Content starts
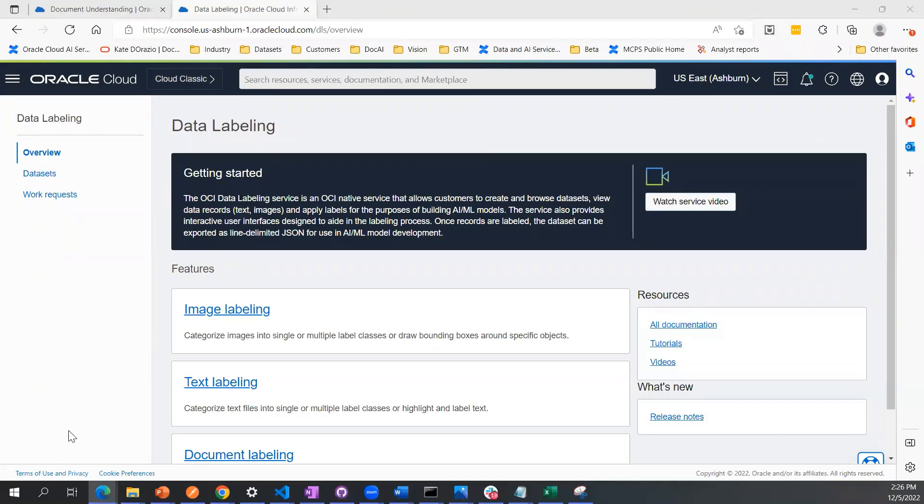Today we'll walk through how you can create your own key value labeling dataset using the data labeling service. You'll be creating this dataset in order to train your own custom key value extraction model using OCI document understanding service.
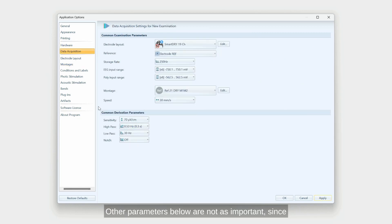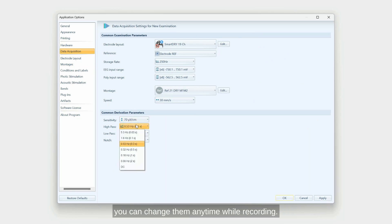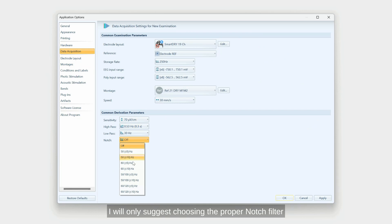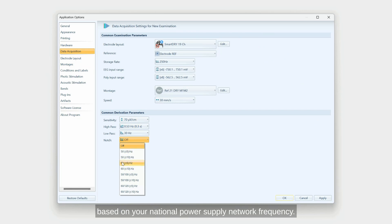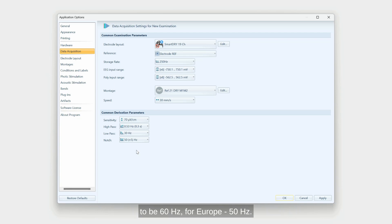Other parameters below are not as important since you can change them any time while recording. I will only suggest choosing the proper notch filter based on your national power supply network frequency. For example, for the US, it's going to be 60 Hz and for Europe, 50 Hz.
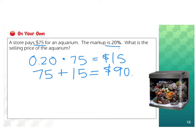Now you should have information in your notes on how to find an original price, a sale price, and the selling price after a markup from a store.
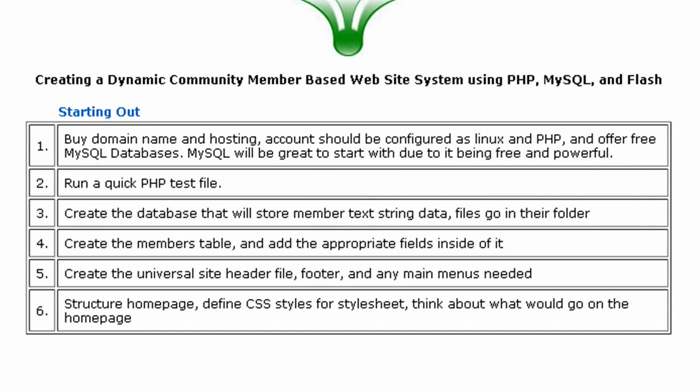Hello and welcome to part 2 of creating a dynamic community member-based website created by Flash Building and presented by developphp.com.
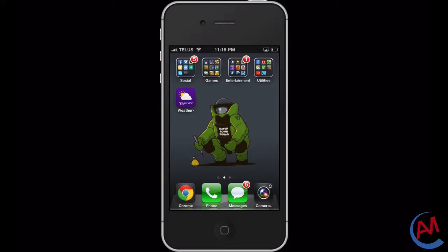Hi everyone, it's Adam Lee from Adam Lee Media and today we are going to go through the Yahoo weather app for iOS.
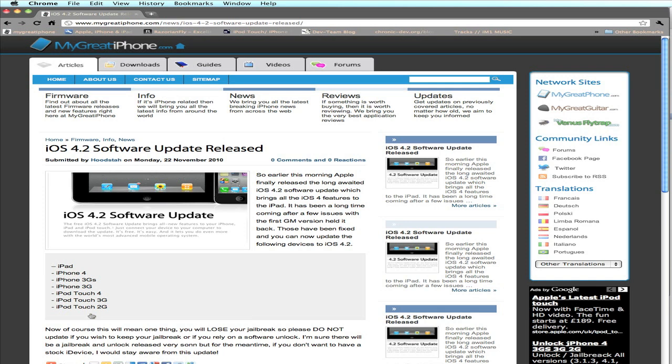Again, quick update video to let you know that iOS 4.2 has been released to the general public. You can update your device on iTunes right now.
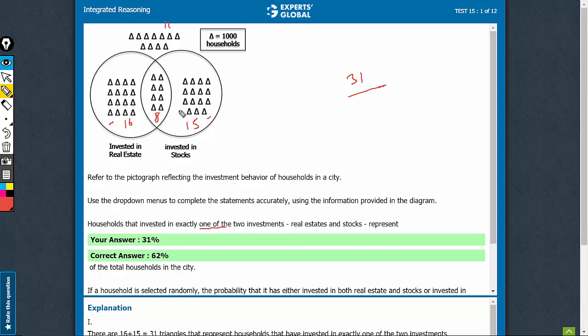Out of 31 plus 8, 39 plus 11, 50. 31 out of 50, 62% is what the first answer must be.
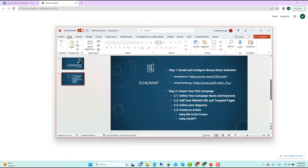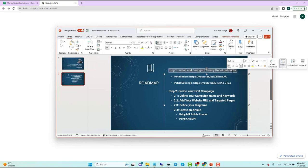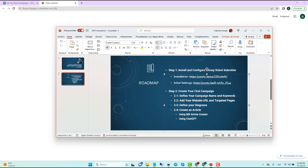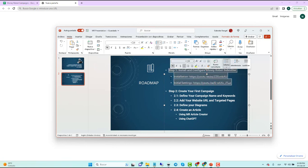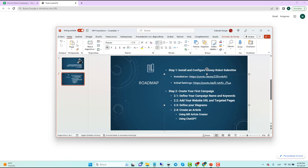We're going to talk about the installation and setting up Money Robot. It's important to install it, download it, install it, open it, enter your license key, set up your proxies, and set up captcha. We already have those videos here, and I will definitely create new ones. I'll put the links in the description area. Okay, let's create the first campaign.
Content ends
Content starts
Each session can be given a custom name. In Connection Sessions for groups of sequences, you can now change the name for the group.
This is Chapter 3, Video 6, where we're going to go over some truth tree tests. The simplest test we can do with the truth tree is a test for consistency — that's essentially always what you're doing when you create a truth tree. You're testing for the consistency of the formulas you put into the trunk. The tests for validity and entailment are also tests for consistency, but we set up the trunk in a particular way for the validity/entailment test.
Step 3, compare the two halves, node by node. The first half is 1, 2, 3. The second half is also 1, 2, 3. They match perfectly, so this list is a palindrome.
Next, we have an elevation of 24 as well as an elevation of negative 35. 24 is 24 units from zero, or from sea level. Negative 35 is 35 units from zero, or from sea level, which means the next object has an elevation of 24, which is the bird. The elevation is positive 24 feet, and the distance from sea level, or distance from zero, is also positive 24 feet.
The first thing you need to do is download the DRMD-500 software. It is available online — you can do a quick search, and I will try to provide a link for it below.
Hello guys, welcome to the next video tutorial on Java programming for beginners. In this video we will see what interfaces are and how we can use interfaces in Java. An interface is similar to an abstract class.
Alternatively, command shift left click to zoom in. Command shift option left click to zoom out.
Content ends
Content starts
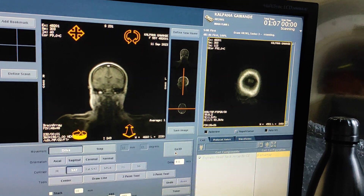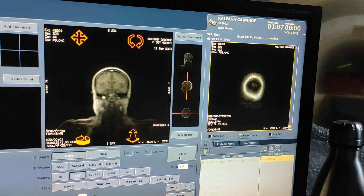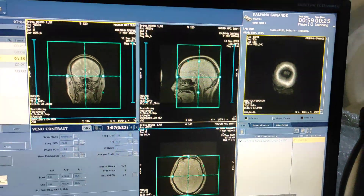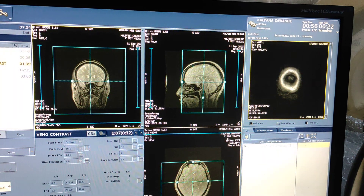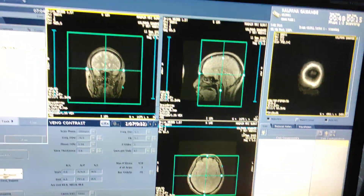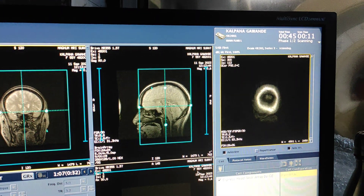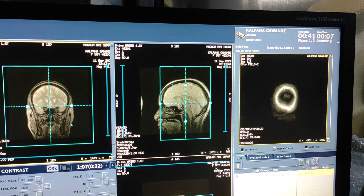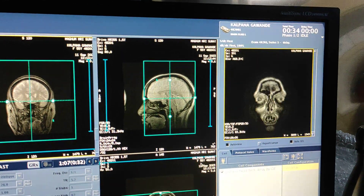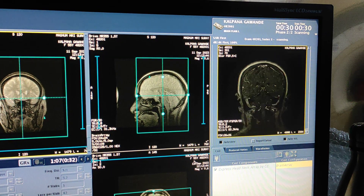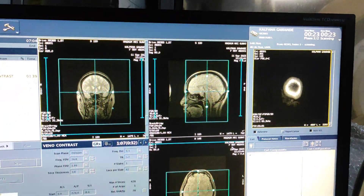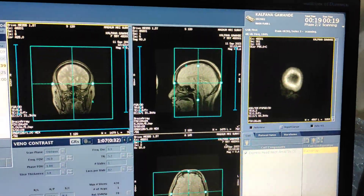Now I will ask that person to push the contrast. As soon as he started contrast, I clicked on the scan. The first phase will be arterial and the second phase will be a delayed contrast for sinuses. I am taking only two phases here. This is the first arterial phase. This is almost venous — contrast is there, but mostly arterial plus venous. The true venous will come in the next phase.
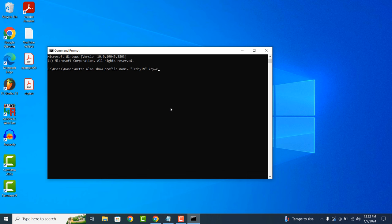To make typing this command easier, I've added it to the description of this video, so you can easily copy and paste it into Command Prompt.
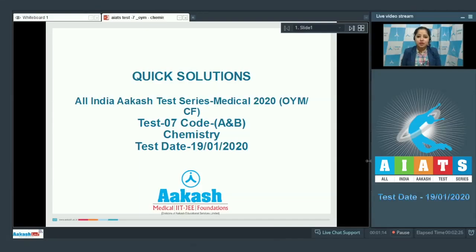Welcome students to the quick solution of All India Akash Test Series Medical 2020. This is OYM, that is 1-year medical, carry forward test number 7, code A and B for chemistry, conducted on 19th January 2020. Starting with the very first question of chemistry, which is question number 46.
Content ends
**EXERCISE**
Using the data above, reproduce exactly the lines from the line that contains "Step 3, compare" through the line that contains "Alternatively, command shift", including both.

**ANSWER**
Step 3, compare the two halves, node by node. The first half is 1, 2, 3. The second half is also 1, 2, 3. They match perfectly, so this list is a palindrome.
Next, we have an elevation of 24 as well as an elevation of negative 35. 24 is 24 units from zero, or from sea level. Negative 35 is 35 units from zero, or from sea level, which means the next object has an elevation of 24, which is the bird. The elevation is positive 24 feet, and the distance from sea level, or distance from zero, is also positive 24 feet.
The first thing you need to do is download the DRMD-500 software. It is available online — you can do a quick search, and I will try to provide a link for it below.
Hello guys, welcome to the next video tutorial on Java programming for beginners. In this video we will see what interfaces are and how we can use interfaces in Java. An interface is similar to an abstract class.
Alternatively, command shift left click to zoom in. Command shift option left click to zoom out.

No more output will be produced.